Where indeed. The story is set in a structure known as APRT 24, a massive
egg-shaped housing complex with a clearly demarcated social hierarchy. The upper
floors have spacious living quarters filled with "rich appointments"
and "crystalline decor." These apartments are mainly occupied by a
bunch of clones with upper-class pretensions and lower-case names. Meanwhile,
the apartment Vole lives in is in the basement, a wretched area permeated with a
"dank odor of decay."
The starting point for any discussion of such a theme in SF is H. G. Wells's The
Time Machine, with its symbolic geography of a surface world filled with
gracious, beautiful Eloi being cared for (and harvested) by the sinister
Morlocks living underground. It's an ambiguous presentation to be sure, but the
basic division between a beautiful leisure class and an ugly subterranean
population of industrial labourers has been invoked countless time since.

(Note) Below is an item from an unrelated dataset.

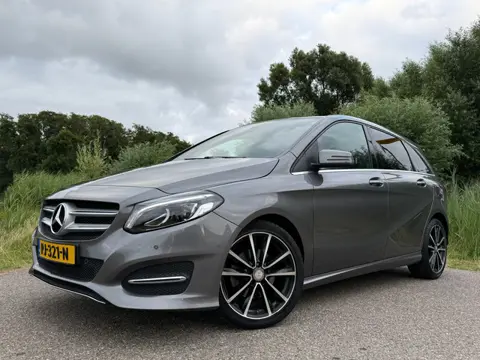Mercedes-Benz B-klasse 180 Activity Edition Automaat | AMG-Line | 1e Eigenaar | Leder | 18" Velgen |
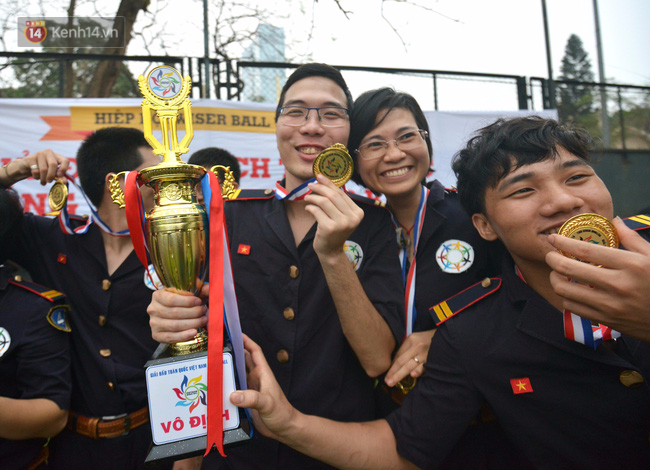 Ngược dòng kịch tính, Hà Nội 2 lên ngôi ở Giải vô địch toàn quốc bóng trí tuệ 2016 - Ảnh 6.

A more obvious example of the enduring myth of the Morlocks in SF can
be found in an episode from the original Star Trek television series. In
"The Cloud Minders," the plot involves a planet whose population is
divided between a ruling elite living in a city that floats in the sky (Stratos),
and mine workers (Trogglytes) toiling in unsafe working conditions underneath
the planet's surface. What a story like "The Cloud Minders" crudely
draws our attention to is the rigid high-low class structure that puts power,
freedom, and the mind at the top, labour, service, and the body at the bottom.
Keeping in mind what was said in the first section of this essay about SF's
need to ground itself, it should come as no surprise that most stories present
the lower level(s) in this hierarchy as more like us, more human, more real.
In "Winter Fire" Geoffrey Landis describes a Balkan-style conflict
that is tearing Europe apart. Civilians scurry about a bombed out Salzburg,
trying not to get caught in the crosshairs. Meanwhile,
Far over our heads, through the ever-present smoke, we could see the lights
of freedom, the glimmering of distant cities in the sky, remote from all of the
trouble of Earth. "They have no culture," Johann said. "They have
power, yes, but they have no souls, or they would be helping us. Aluminum and
rock, what do they have? Life, and nothing else. When they have another thousand
years, they will still not have a third of the reality of our city."
In "The Wisdom of Old Earth" there is
another level added to the hierarchy. As we have already seen, the story
involves a tourist expedition made by some highly-developed "Offworlders"
to Earth. The Offworlders are evolved human life forms who like to come down and
slum it on wilderness expeditions. Beneath them we have their tour guides (all
female), while at the bottom are the Yahoo-like Ninglanders, who seem more like
talking apes than anything else. The conflict in the story arises from the
feelings that the leader of the tour guides, Judith, has toward the Offworlder
she is responsible for. It isn't really romantic, so much as a sense she has
that Off-world, the sky-city, is where she really belongs. For her fellow tour
guides this is equivalent to having ideas above her station. They are quick to
bring her down to earth:
"What are you to him but an ugly little ape? He's sooner fuck a cow
than you! . . . You know what the sky people call the likes of you and me?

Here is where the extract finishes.